All was quiet next day at headquarters, and we had the pleasure of seeing there Mrs Stuart, who had arrived at Culpepper Court-house the previous evening. She had come to spend some days with her husband, to share with him her sacred grief in the calamity that had befallen them both. It was a melancholy pleasure to see how well that admirable lady bore up under the weight of her affliction, in tender regard for her husband. Her manner was composed, but her eyes betrayed their frequent overflow of tears; and the warm pressure of the hand she silently gave me upon our meeting, indicated that words could not describe the agony she had endured. Mrs Stuart had brought with her to camp her son Jemmy, a stout little “three-year-old,” who, in his vivacity, in his passion for horses, and in his whole appearance, strongly resembled his father. Whenever his mother or his negro “mammy” left him unguarded for a moment, Jemmy was immediately among the horses; and the greatest gratification [271] I could give him was to take him for a rapid gallop before me in the saddle. During the morning General Lee came over to our camp on a short visit, and I was touched by the gentle, sympathising way in which he talked with Mrs Stuart. Our friend Lawley having announced by telegram his coming in this day's train from Richmond, I drove over to the station at Culpepper Court-house to meet so welcome a guest, who had promised to give us the pleasure of his company for several days. To do him proper honour, I substituted on this occasion for the rough-going, yellow-painted waggon in which Pelham and I were accustomed to make most of our journeys, a top-buggy which Stuart had brought from Pennsylvania.

On the 12th the General started on a reconnaissance “to stir up the Yankees a little,” as he expressed himself, in which he was accompanied by Lawley, who desired to get an idea of our mode of cavalry fighting. My orders were to remain at headquarters in the performance of some important duties there. I disliked this exceedingly, but I was soon compensated by the unexpected arrival of Vizetelly and Brien, who, after a very amusing ride through the valley and across the Blue Ridge, had at last found us again, and came into the encampment with the outburst of “Dixie,” sung to new words, the composition of the versatile Vizetelly himself. Most heartily were these guests welcomed by the whole camp. The negroes especially were greatly pleased to greet “Major Telly” (a name and title they had adopted for the artist) once more at headquarters. During the evening General Stuart returned from his “stirring-up” expedition, which had been so successful that he brought back with him about thirty prisoners, among whom were several officers.

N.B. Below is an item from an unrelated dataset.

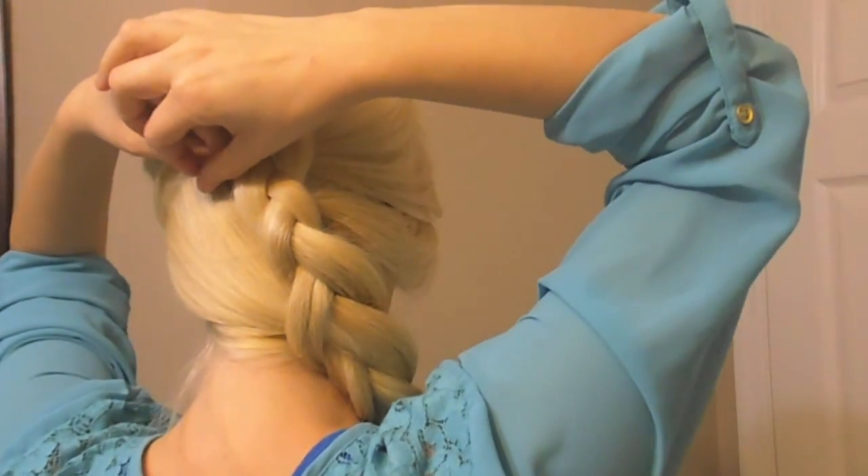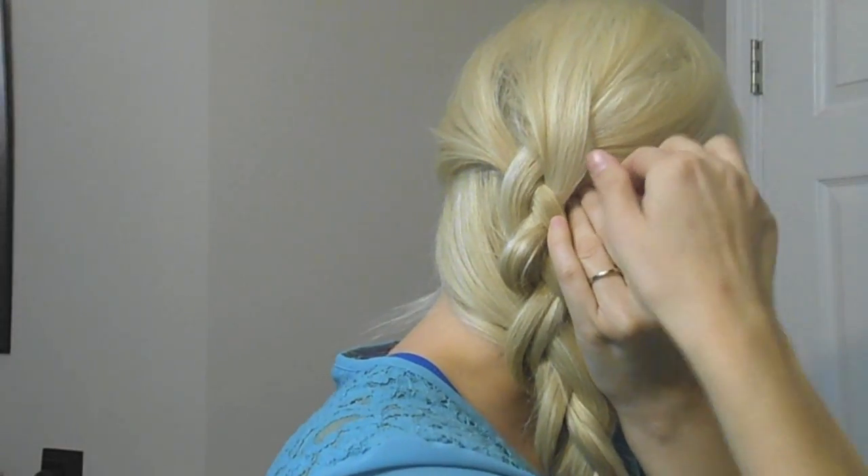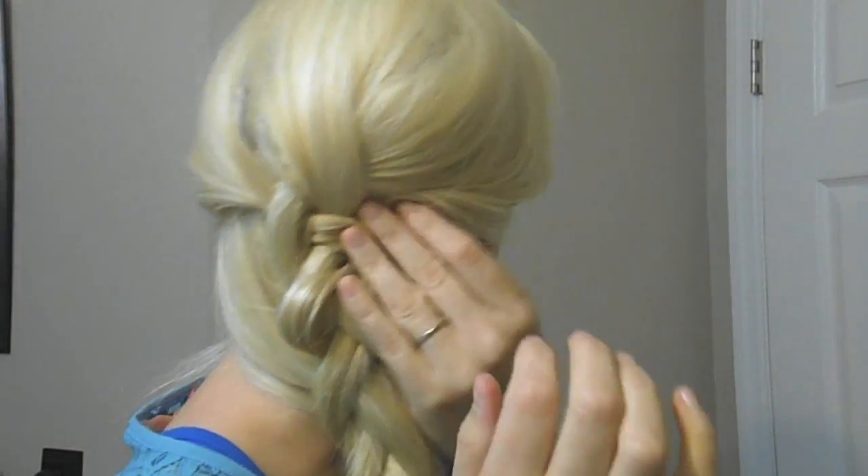I'm just sliding the bobby pin under the braid to hide it. This is a little bit loose here for me, so I'm going to go ahead and try to sweep that up — take it and just kind of slide it down into the braid so it's not totally visible. You're going to see it a little bit because these are not my hair color, but it's not too bad. I'm just going to keep shaping and then spraying in place. Now I'm just going to sweep this small section of my bangs and try to really give it a little bit of a swoop like Elsa's.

Dinner was soon after served, and though poor in viands it was rich in good fellowship, in mirth and anecdote and song. On this excursion, of which we had animated accounts from Stuart and Lawley, Captain Farley had executed another of [272] those daring feats for which he was so famous, and the recital of it called forth the highest compliments of our whole dinner-party. Riding forward alone, as was his custom, through the woods in the direction of the enemy, he discovered a regiment of Federal infantry marching along the road, and observed the colonel and adjutant making a little detour to a neighbouring plantation-house, doubtless in the hope of obtaining eatables for themselves or forage for their horses. As soon as they had dismounted and entered the dwelling, Farley rode up, and, confronting the astonished officers with his revolver, said, “Gentlemen, you are my prisoners; make the least outcry to your men for assistance and I will blow your brains out.” The brave colonel and adjutant, finding it was the best they could do, surrendered at discretion; and Farley brought them quietly into our lines, with their excellent and well-equipped horses, away from their regiment, which was marching along at a distance of only a few hundred yards. The astonishment of the regiment at this sudden and inexplicable disappearance of its commander may be imagined.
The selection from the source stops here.